Preferably the second LNG Carrier is provided with one or more storage tanks that are hydrostatically stable when partially filled with LNG. In one embodiment, the LNG is stored in the hull of the second LNG Carrier in slosh tolerant tanks and the second LNG Carrier has an associated supporting hull structure.
In one embodiment, the second LNG Carrier has reduced engine capacity compared with the engine capacity of the first LNG Carrier due to their different duties. To allow the second LNG Carrier to move under its own power, the second LNG Carrier has a propulsion system 80. The propulsion system 80 may comprise dual fuel gas turbines, dual fuel diesel, or duel fuel diesel-electric systems. Advantageously, the power requirement for the propulsion system 80 of the second LNG Carrier may be shared with the power requirement of the regasification facility 30 onboard the second LNG Carrier 14.

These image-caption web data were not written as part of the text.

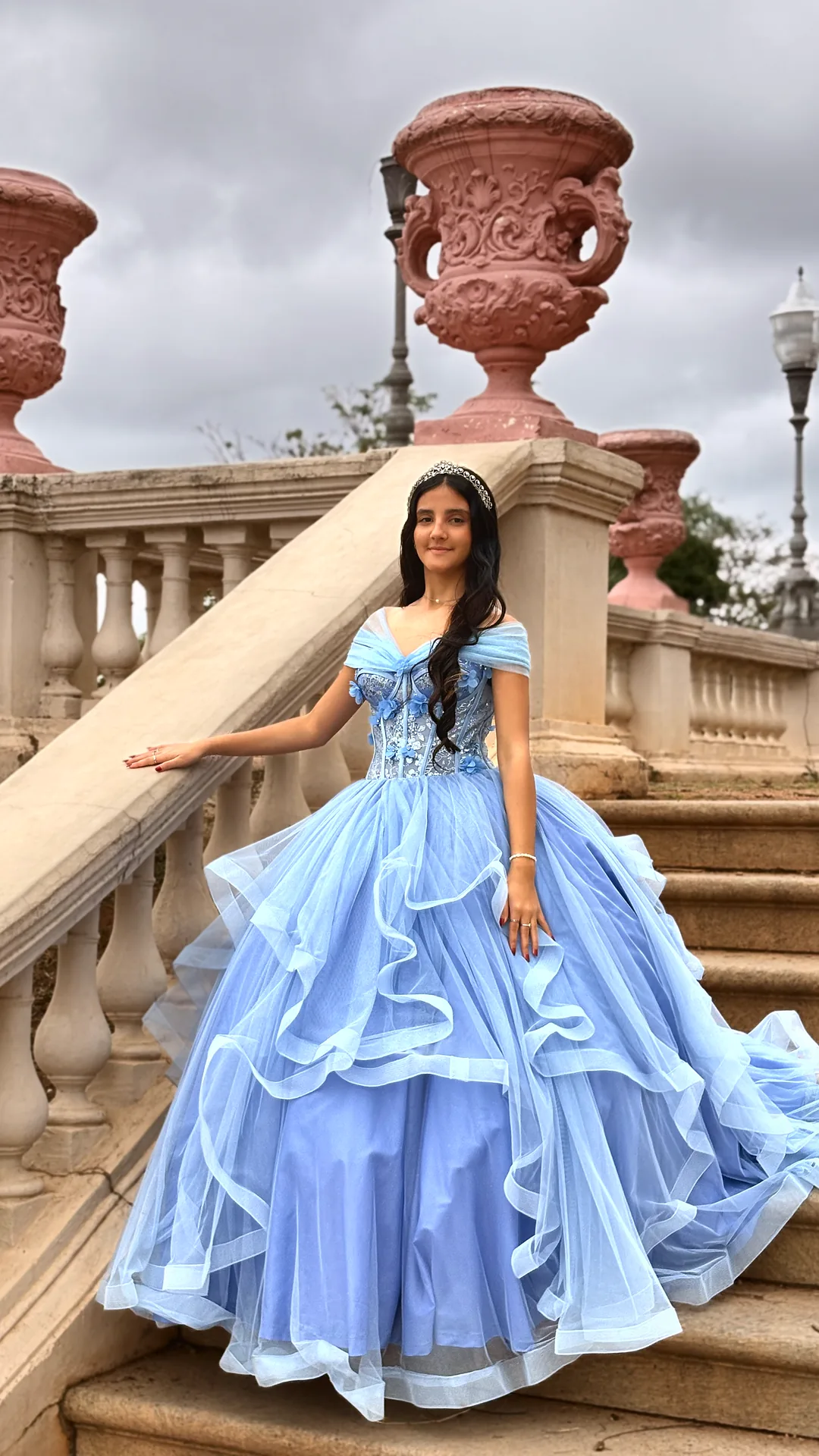 Milena em seu vestido de 15 anos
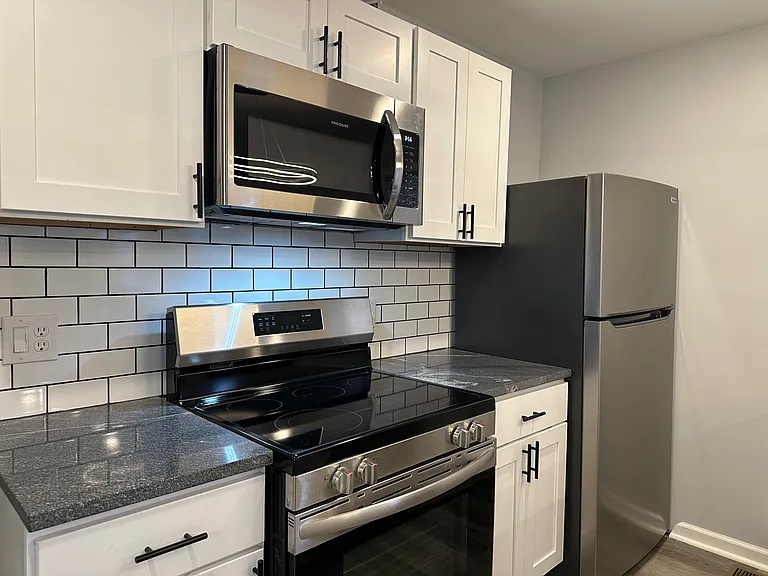 127 Henderson St #2 — Photo 46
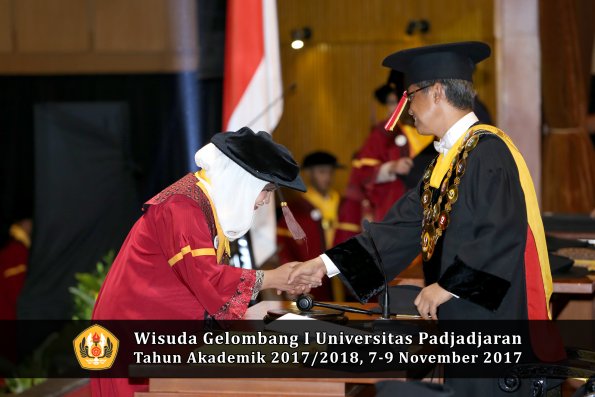 Wisuda Unpad Gel I TA 2017_2018  Fakultas peternakan oleh Rektor 065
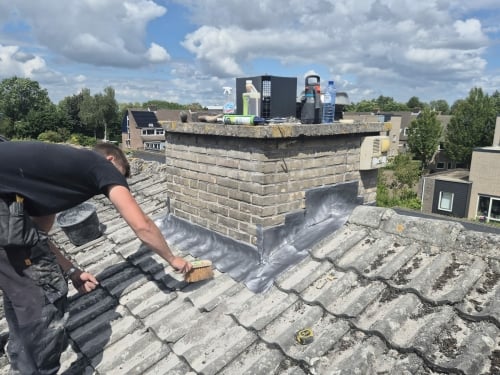 Schoorsteen lood en voegen vervangen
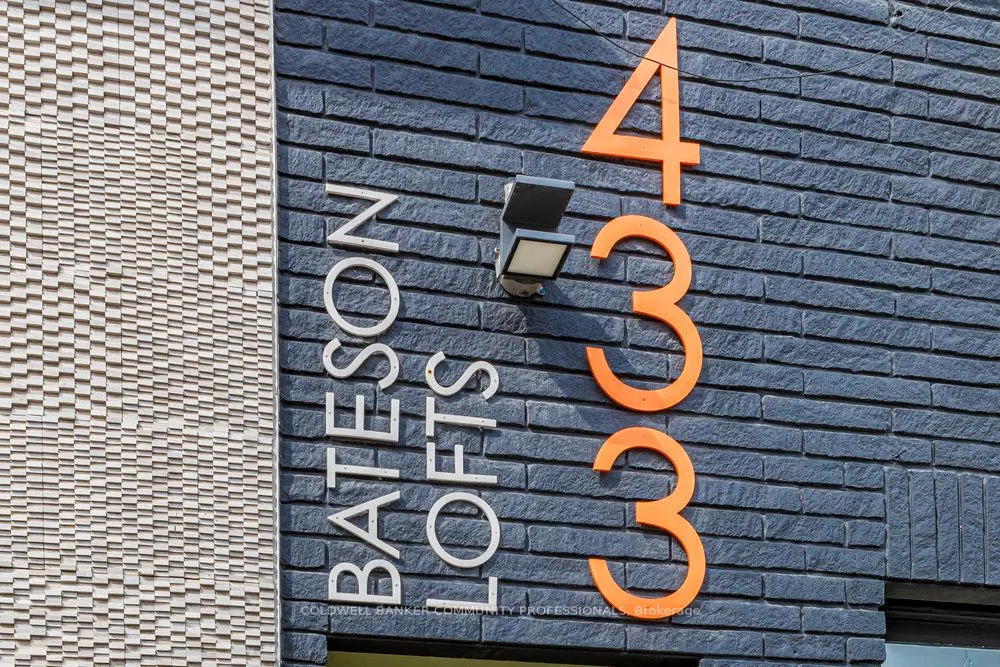 433 Barton Street E, #302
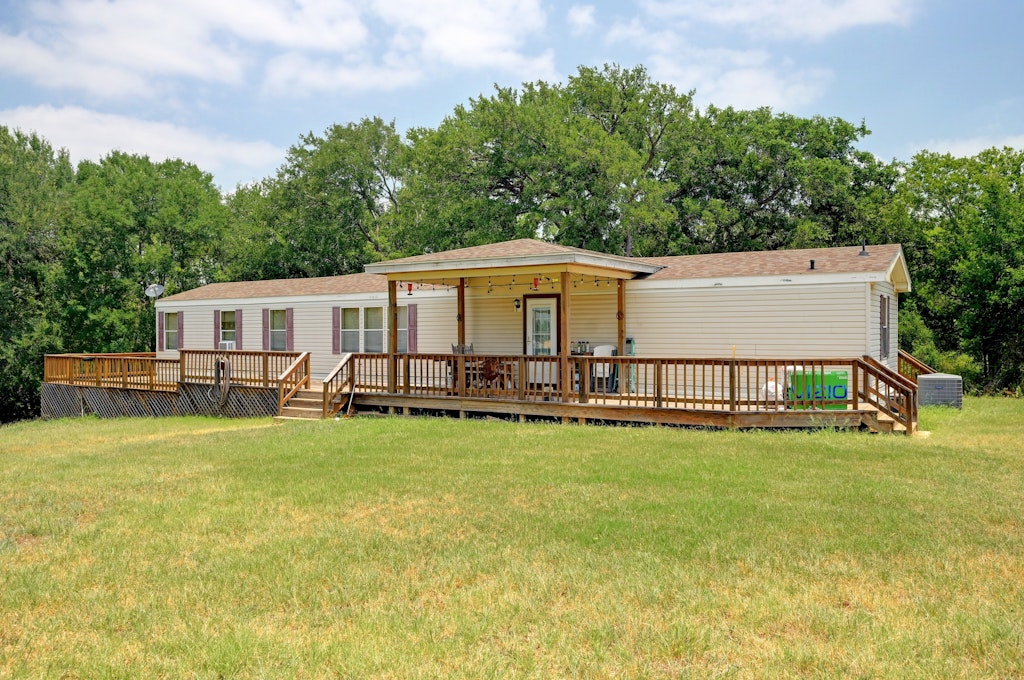 10867 FM466, GONZALES, TX 78648, Presented by Ginger Robbins, Riata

To provide the second LNG Carrier with mooring and positioning capability, the propulsion system of the second LNG Carrier may comprise twin screw, fixed pitch propellers 63 with transverse thrusters 64 located both forward and aft.
In a preferred embodiment, the mooring location includes a mooring buoy removably disconnectable to the second LNG Carrier for mooring the second LNG Carrier at the mooring location, the mooring buoy being locatable within a recess disposed within the hull and towards the bow of the second LNG Carrier. Preferably the mooring buoy is a submersible turret mooring buoy which can be lowered to the sea floor when not in use to protect the buoy from damage. In one embodiment, the natural gas is transferred to shore through the mooring buoy. Preferably, the natural gas is transferred from the second LNG Carrier through a subsea pipeline to an on-shore tie-in point via a beach crossing.

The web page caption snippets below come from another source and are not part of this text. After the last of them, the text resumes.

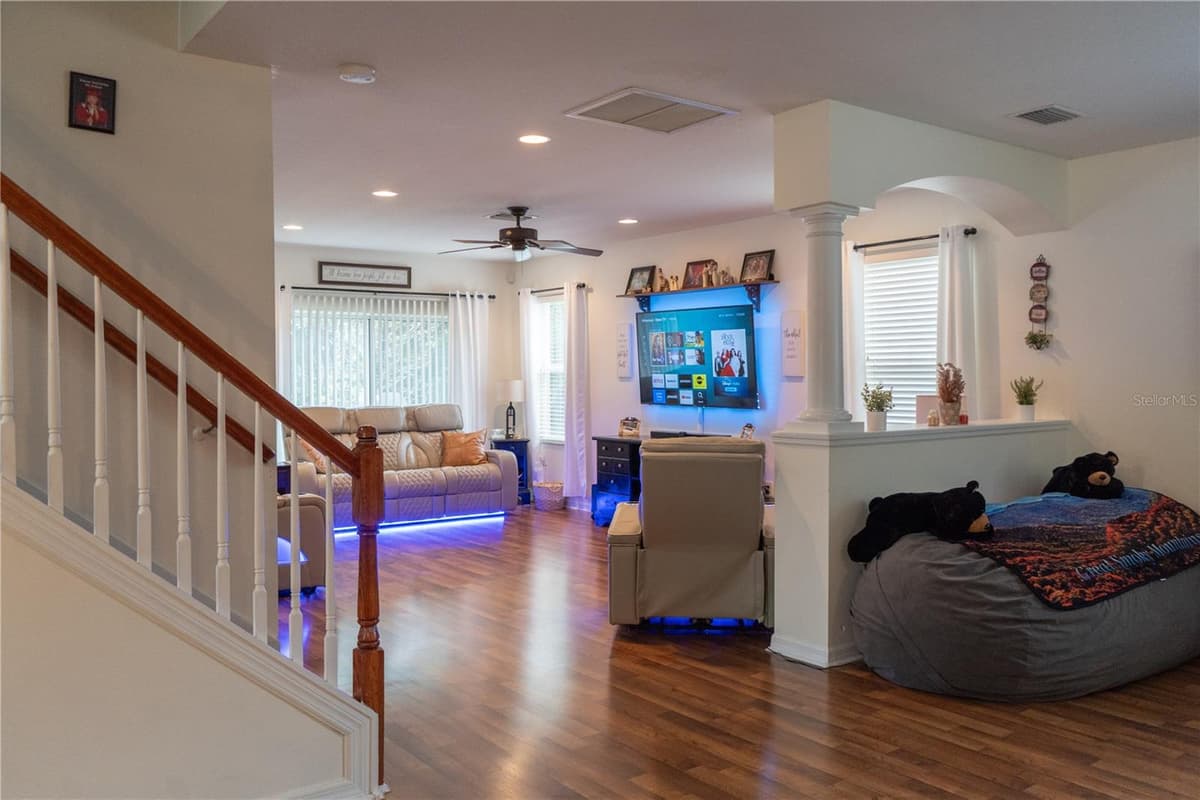 15647 GREYROCK DRIVE — photo 5 of 38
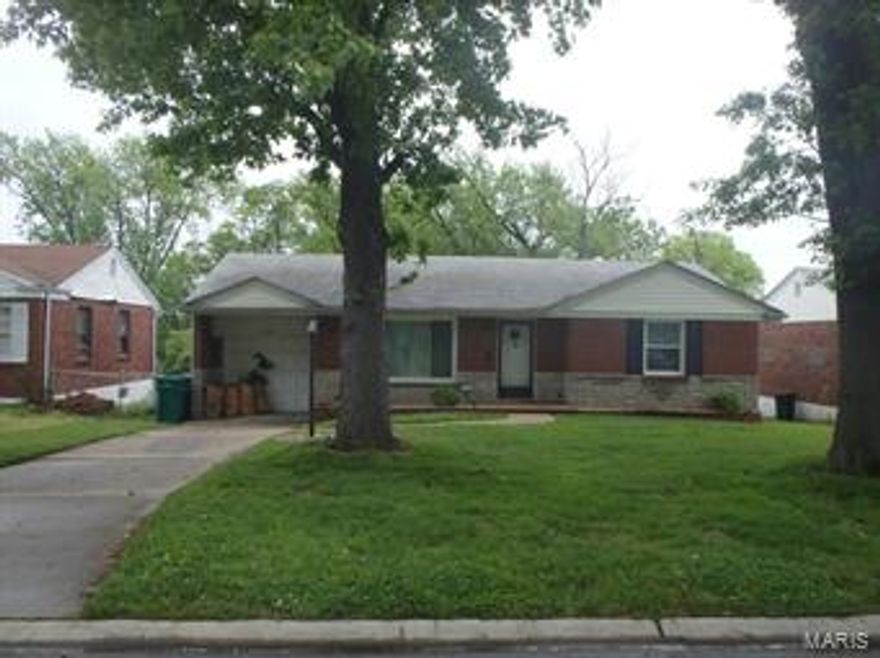 SHORT SALE SUBJECT TO LIEN HOLDER APPROVAL.... Please allow 45-60 days for approval.... Nice, well kept home in quiet and peaceful setting. Ideal for first time home buyers or that sophisticated investor.  ***AS-IS, NO REPAIRS, WARRANTIES, DISCLOSURES OR INSPECTIONS PROVIDED BY THE SELLER...... Proof of funds or pre-approval letter must accompany all offers.  ****3RD PARTY PROCESSING FEE OF $3995.00 IN ADDITION TO SELLING PRICE. SpecialListingConditions: Short Sale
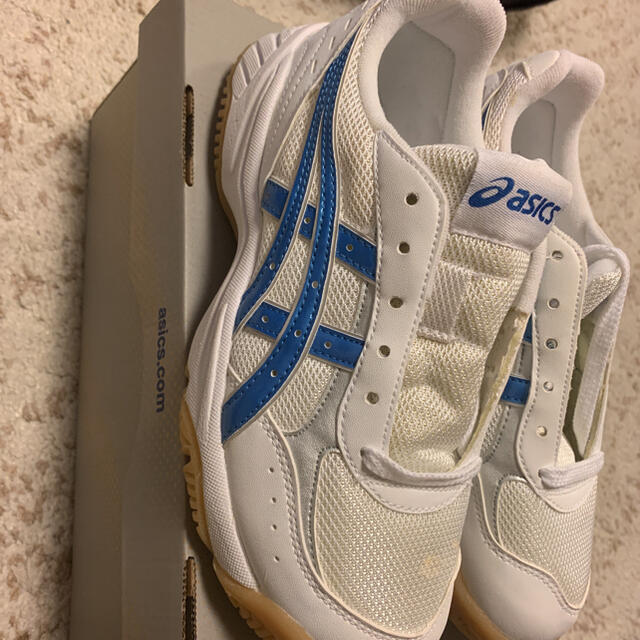 asics(アシックス)のアシックス　体育館シューズ　23.0cm キッズ/ベビー/マタニティのキッズ靴/シューズ(15cm~)(スクールシューズ/上履き)の商品写真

In one embodiment, the LNG is regasified using ambient air as a source of heat. The LNG may equally be regasified through heat exchange with an intermediate fluid with the intermediate fluid being heated using ambient air as a source of heat. Advantageously, heat exchange between the ambient air and the LNG or intermediate fluid may be encouraged through use of forced draft fans.
To meet delivery requirements, the method may further comprise the step of flowing regasified natural gas into a second heat exchanger in which the regasified natural gas is heated and is transferred to shore as superheated vapor. The regasified natural gas may be heated in the second heat exchanger using waste heat recovery from the second LNG Carrier. The LNG may be regasified in a closed loop heat exchanger or a finned tube heat exchanger.

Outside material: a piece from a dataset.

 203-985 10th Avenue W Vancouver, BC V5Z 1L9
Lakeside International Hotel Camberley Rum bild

In order to facilitate a more detailed understanding of the nature of the invention several embodiments of the present invention will now be described in detail, by way of example only, with reference to the accompanying drawings, in which:
Particular embodiments of the method for offshore regasification of LNG for delivery onshore as a gas of the present invention are now described. The terminology used herein is for the purpose of describing particular embodiments only, and is not intended to limit the scope of the present invention. Unless defined otherwise, all technical and scientific terms used herein have the same meanings as commonly understood by one of ordinary skill in the art to which this invention belongs.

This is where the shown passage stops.